Be wary of shopping sprees amid rising interest rates

With the cost of credit skyrocketing, consumers are warned to watch their spending ahead of the Black Friday frenzy to avoid financial ruin.

At its last meeting of the year which concluded on Thursday, the SA Reserve Bank’s (SARB) Monetary Policy Committee raised the benchmark repo rate by 75 basis points to 7%.  The MPC decision to hike the repo rate means the prime lending rate will now be increased to 10.50% in November from 9.75%.

The repo rate is the interest rate at which the Reserve Bank lends money to commercial banking groups.


An increase in the repo rate has influenced the prime lending rate that commercial banks charge when they lend to their clients.

SARB has had to contend with runaway inflation for several months with the October inflation print coming in at 7.6%, which is above the central bank’s target band of 3% to 6%. Inflation in South Africa has breached the upper limit (6%) of the central bank’s target range for six consecutive months.

The staggering hikes in inflation and repo rates are likely to cause panic buying during the Black Friday frenzy. However, now is not the time to panic, according to Lee Hancox, who said consumers need to utilize this time to restructure their finances.

Hancox is the Head of Channel and Segment Marketing at Sanlam and a Certified Financial Planner.

Hancox said the hike is likely to place cash-crunched consumers under even more pressure while posing a threat to those who may have had “a bit of breathing room in their budget a year ago”.

“Absorbing a further 75 basis points, even for those who don’t have a large amount of debt, has a significant impact on your disposable income.”
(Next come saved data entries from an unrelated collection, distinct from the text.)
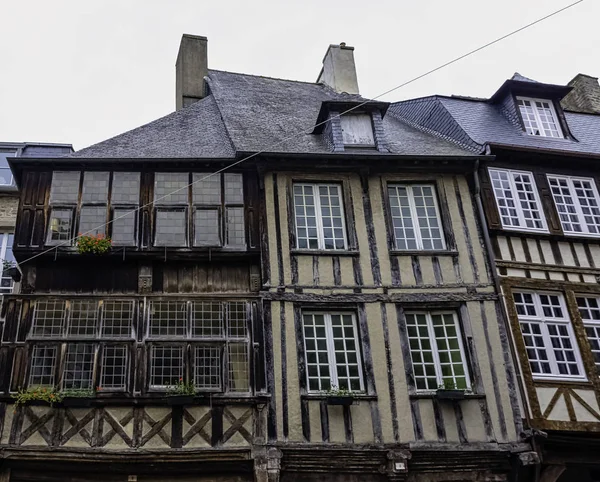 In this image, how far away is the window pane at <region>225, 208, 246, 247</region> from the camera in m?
12.3

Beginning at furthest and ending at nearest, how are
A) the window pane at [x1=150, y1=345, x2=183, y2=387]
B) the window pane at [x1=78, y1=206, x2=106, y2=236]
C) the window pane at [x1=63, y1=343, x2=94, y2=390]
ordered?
the window pane at [x1=78, y1=206, x2=106, y2=236]
the window pane at [x1=150, y1=345, x2=183, y2=387]
the window pane at [x1=63, y1=343, x2=94, y2=390]

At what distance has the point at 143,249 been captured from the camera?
11938 mm

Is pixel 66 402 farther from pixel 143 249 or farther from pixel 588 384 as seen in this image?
pixel 588 384

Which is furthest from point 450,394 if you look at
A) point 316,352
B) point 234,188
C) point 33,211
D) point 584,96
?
point 584,96

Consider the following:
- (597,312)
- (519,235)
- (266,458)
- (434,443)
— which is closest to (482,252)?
(519,235)

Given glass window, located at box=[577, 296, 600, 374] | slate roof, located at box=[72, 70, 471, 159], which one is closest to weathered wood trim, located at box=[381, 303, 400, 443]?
slate roof, located at box=[72, 70, 471, 159]

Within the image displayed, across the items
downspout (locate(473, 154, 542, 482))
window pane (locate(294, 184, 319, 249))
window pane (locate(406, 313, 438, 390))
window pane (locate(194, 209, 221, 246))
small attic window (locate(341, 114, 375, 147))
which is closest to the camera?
downspout (locate(473, 154, 542, 482))

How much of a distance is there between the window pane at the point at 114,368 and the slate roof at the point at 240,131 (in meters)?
3.66

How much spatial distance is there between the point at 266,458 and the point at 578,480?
5592 millimetres

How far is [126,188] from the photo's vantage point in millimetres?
12578

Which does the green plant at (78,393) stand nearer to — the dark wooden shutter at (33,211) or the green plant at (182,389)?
the green plant at (182,389)

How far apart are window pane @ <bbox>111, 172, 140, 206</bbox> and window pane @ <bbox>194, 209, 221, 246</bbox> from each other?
44.8 inches

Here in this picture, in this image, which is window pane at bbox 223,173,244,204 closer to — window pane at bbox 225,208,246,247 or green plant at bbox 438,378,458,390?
window pane at bbox 225,208,246,247

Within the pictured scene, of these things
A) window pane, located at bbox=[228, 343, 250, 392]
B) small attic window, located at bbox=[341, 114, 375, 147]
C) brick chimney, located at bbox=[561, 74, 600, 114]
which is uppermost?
brick chimney, located at bbox=[561, 74, 600, 114] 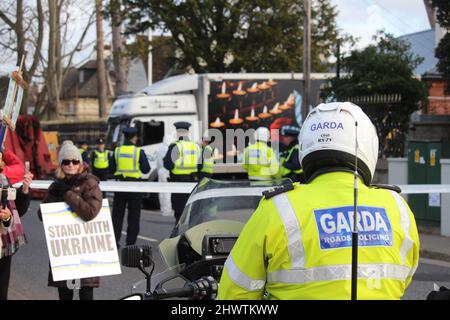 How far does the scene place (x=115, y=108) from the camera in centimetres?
2267

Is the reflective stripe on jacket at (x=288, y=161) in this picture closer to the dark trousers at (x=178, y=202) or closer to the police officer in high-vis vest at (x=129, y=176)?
the dark trousers at (x=178, y=202)

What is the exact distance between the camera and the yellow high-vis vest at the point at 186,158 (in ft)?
43.1

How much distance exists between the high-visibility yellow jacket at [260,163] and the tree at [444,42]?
22.7 ft

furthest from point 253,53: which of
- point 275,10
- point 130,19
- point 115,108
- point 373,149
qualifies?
point 373,149

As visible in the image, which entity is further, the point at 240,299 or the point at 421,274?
the point at 421,274

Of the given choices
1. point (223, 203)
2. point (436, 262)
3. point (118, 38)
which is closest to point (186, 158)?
point (436, 262)

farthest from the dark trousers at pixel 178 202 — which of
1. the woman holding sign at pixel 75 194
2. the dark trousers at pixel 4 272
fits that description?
the dark trousers at pixel 4 272

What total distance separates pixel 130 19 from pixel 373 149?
104 feet

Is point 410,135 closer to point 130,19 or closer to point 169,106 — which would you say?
point 169,106

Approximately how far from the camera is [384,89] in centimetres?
1936

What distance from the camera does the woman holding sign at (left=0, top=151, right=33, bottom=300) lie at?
6156mm

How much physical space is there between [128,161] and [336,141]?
10.1 m

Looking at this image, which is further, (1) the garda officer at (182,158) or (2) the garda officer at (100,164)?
(2) the garda officer at (100,164)

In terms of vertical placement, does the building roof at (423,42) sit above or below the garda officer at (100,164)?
above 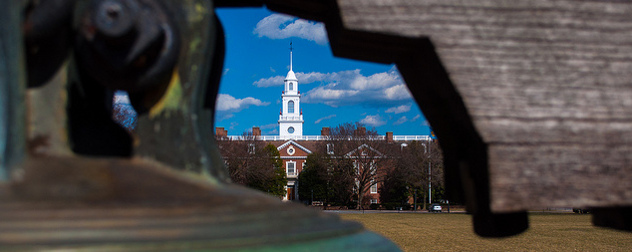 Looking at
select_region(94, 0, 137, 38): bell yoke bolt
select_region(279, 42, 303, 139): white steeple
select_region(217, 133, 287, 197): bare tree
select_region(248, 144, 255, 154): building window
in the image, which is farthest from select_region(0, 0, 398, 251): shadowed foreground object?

Black Friday is not the only threat, with it comes the festive season which also poses a big threat to finances. Hancox has strongly warned that consumers be wary of sales temptations during these intervals. She said consumers need to spend less time worrying and focus on reworking their budget “from scratch” by evaluating every item listed.

“Ask yourself if you really need the item. Unless you have the cash to pay for it, buying items on a credit card can end up costing you more than the original price, never mind the sale price,” she said.

Proper planning and making small changes can make a big difference.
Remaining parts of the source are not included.